_Work task_. Copy nothing but the lines from the one containing "BESPORTBLE 48pcs Transparent" through the last line of the records, repeated exactly and without pictures.

- Opening Delimiter -

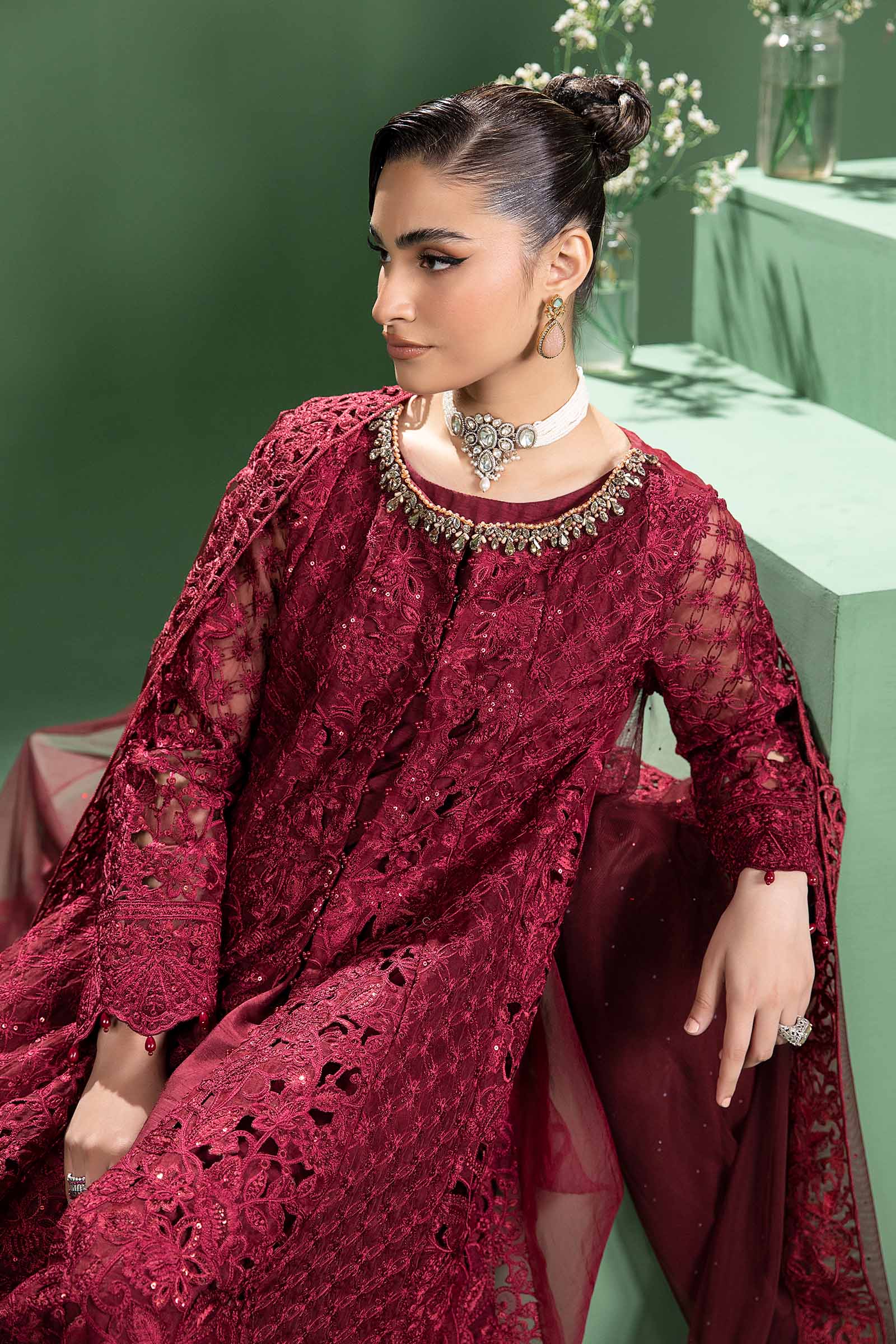 Maira B | Ready to Wear | SF-W24-46 by Maria Faisal - Registered Vendor of : Maria B - type : Wedding Dress - 100% original wedding dresses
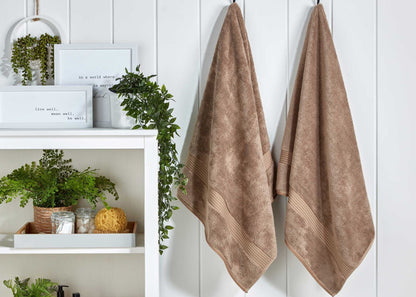 Christy "Supreme" Bath Towels & Mat Collection in Mocha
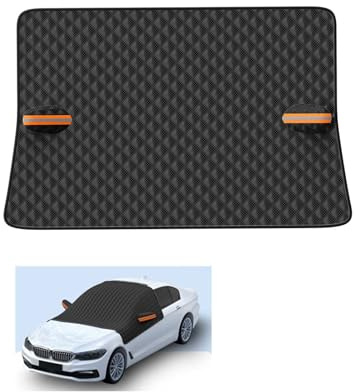 evimo Auto Frontscheibenabdeckung, für VW Passat B8 2015-2021 2022 2023 Windschutzscheibenabdeckung Winter Faltbare Frostabdeckung gegen Externes Zubehör,A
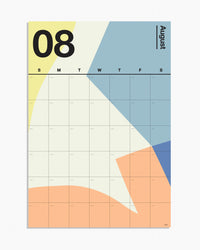 Printed Spectrum Wall Planner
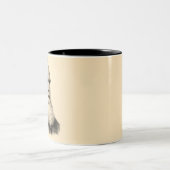 Darwin Portrait Evolution/ Charles Darwin Tweekleurige Koffiemok (Center)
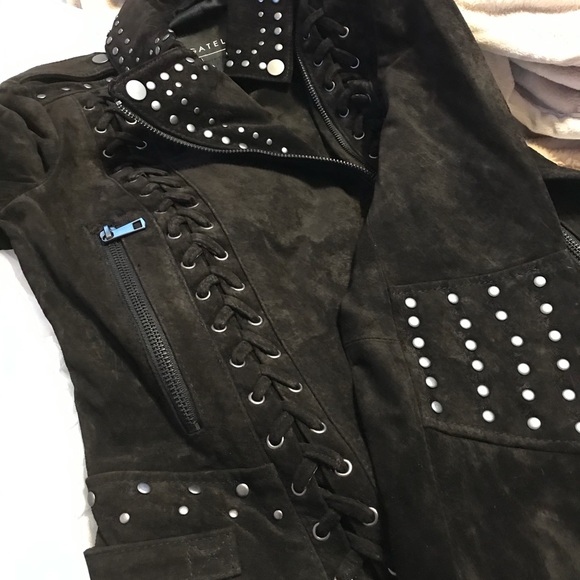 Ladies’ Bagatelle.NYC leather jacket. Small, lined - Picture 5 of 5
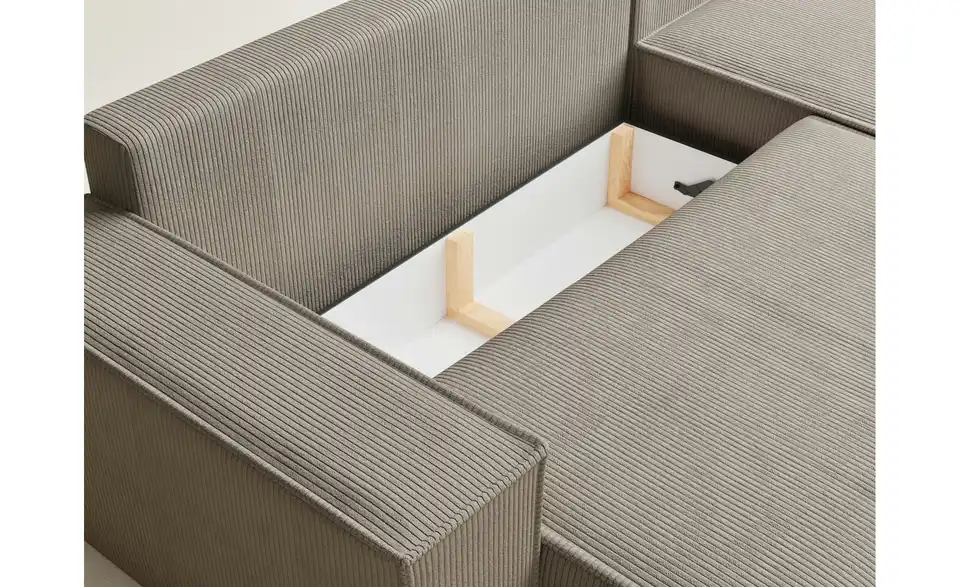 Ecksofa, Detailansicht
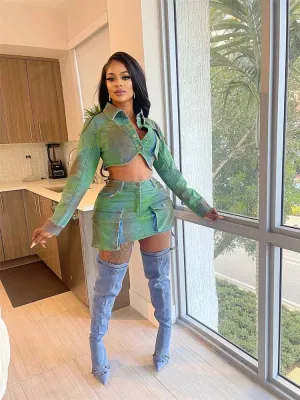 Emma Cargo Mini Skirt Set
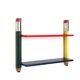 Wall shelf by Pierre Sala, 1980s Memphis Design in primary colours.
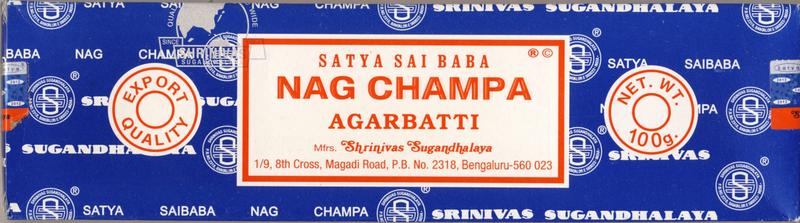 Nag Champa Wierookstokjes agarbatti 100.00 Gram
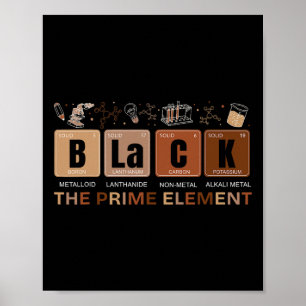 Black History Month Black The Prime Element Period Poster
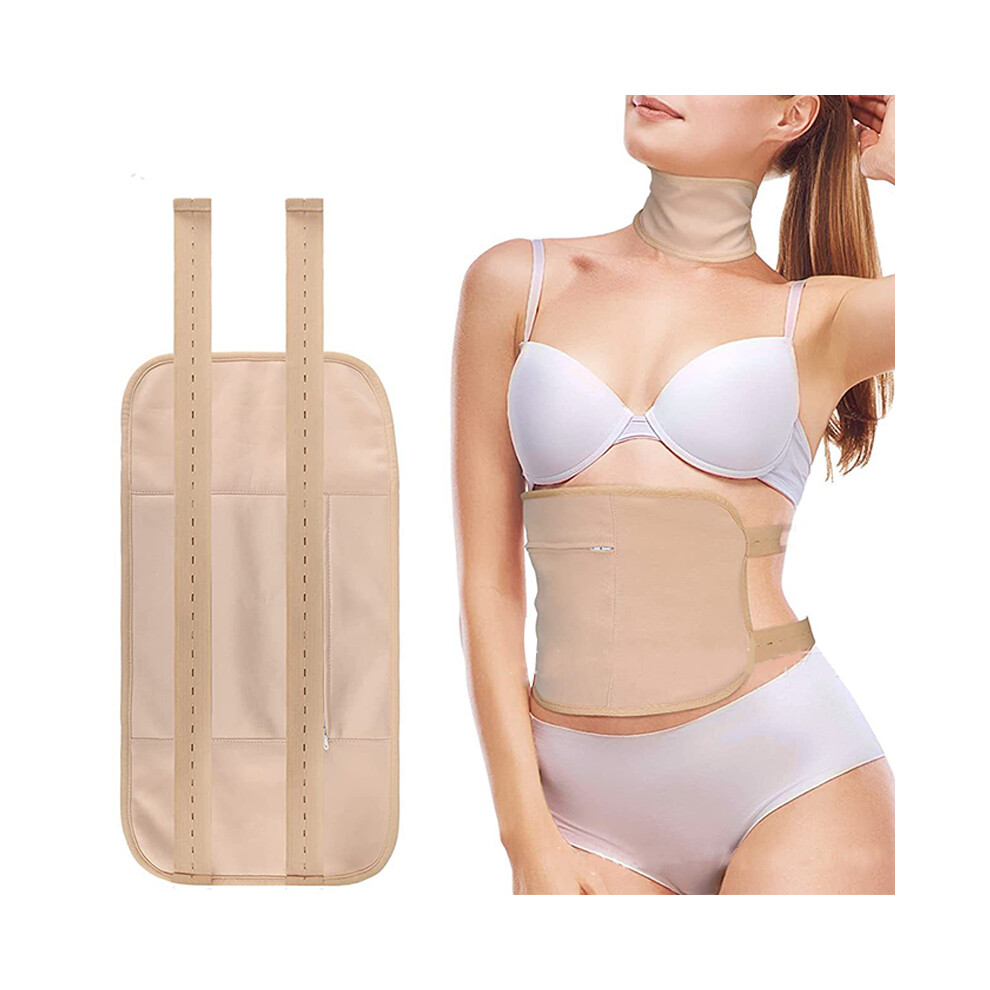 Reusable Organic Castor Oil Pack Kit for Liver, Aid Sleep, Muscles to Relax Improve Circulation for Belly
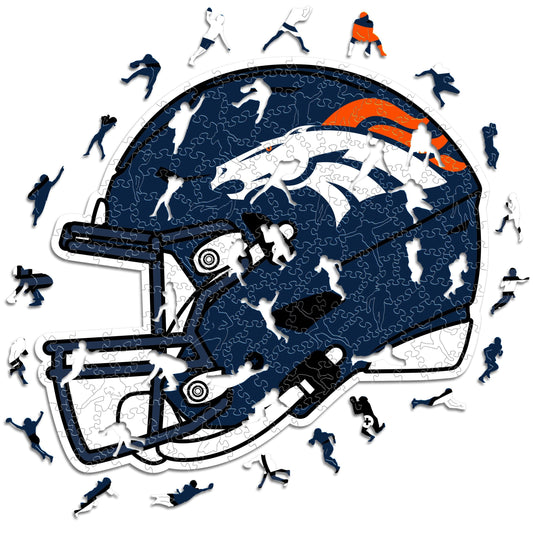 Denver Broncos™ Helm - Holzpuzzle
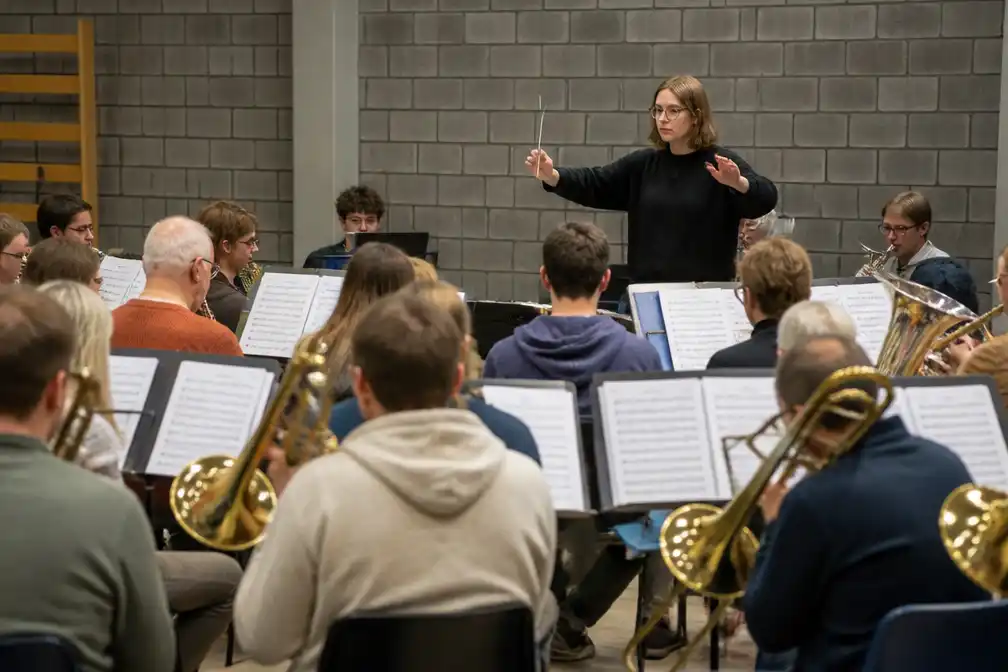 Fanfare Willen Is Kunnen uit Knesselare wil uitpakken op VLAMO-evaluatieconcerten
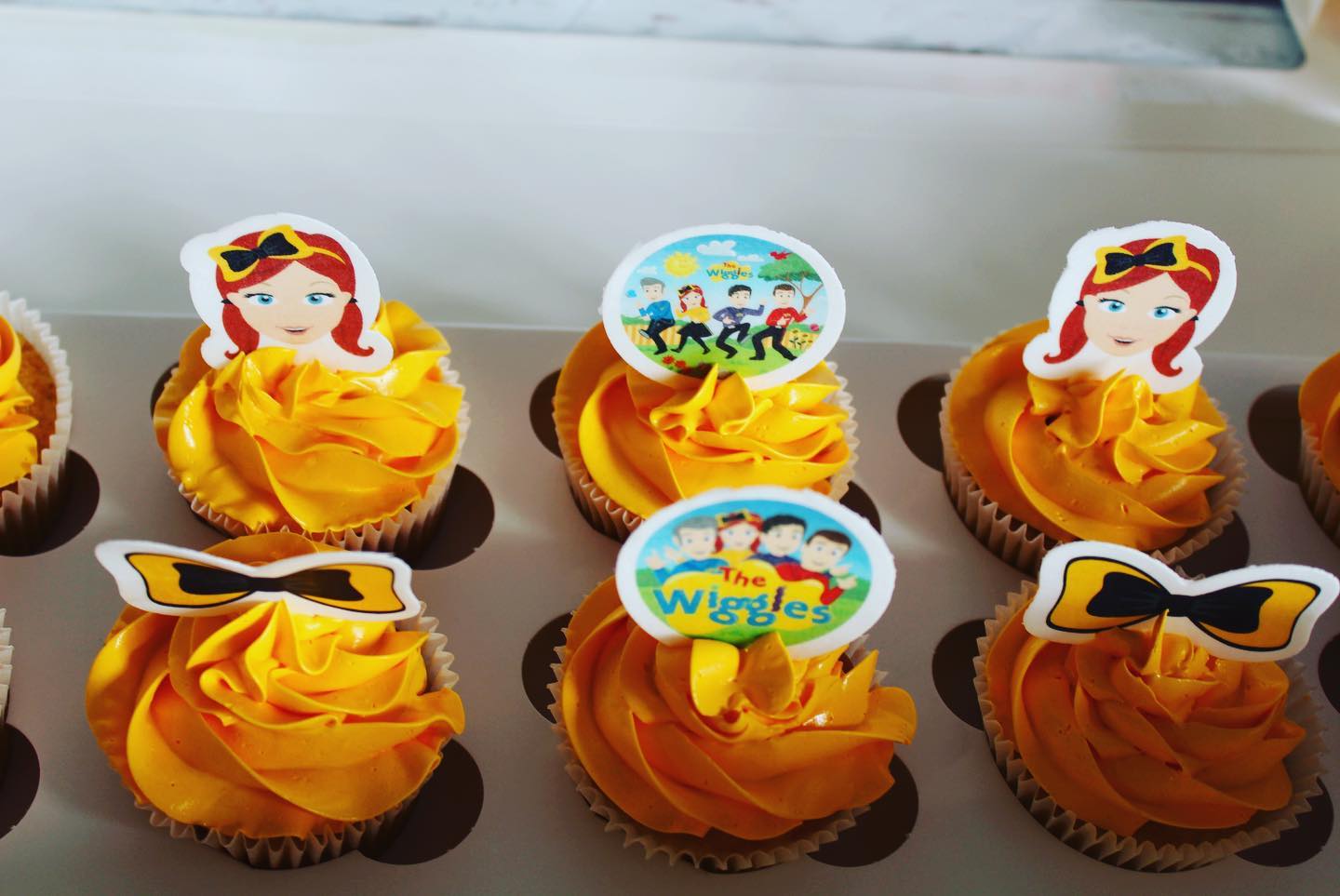 Wiggles Character Cupcakes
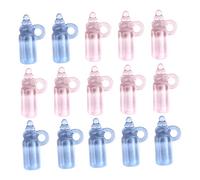BESPORTBLE 48pcs Transparent Acrylic Milk Bottle Decorations DIY Shower for Gender Reveal Photo Props and Versatile Event Decoration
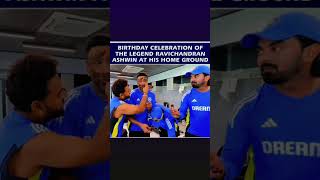 Ravichandran Ashwin's birthday celebration at his home ground #Viratkohli#Cricket#Jiocinema#Rohit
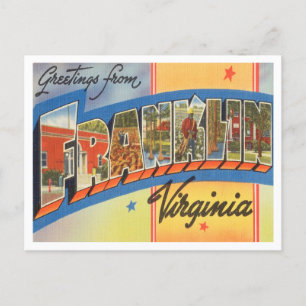 Carte Postale Salutations de Franklin, Vintage voyage de Virgini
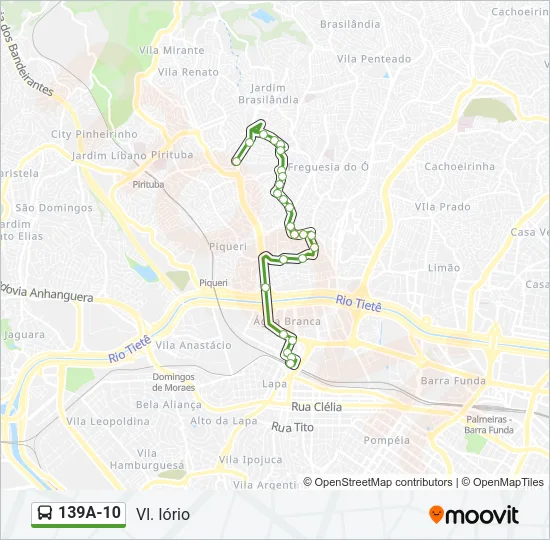 139A-10 Bus Line Map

- Closing Delimiter -

_Exercise result_.
BESPORTBLE 48pcs Transparent Acrylic Milk Bottle Decorations DIY Shower for Gender Reveal Photo Props and Versatile Event Decoration
 Ravichandran Ashwin's birthday celebration at his home ground #Viratkohli#Cricket#Jiocinema#Rohit
 Carte Postale Salutations de Franklin, Vintage voyage de Virgini
 139A-10 Bus Line Map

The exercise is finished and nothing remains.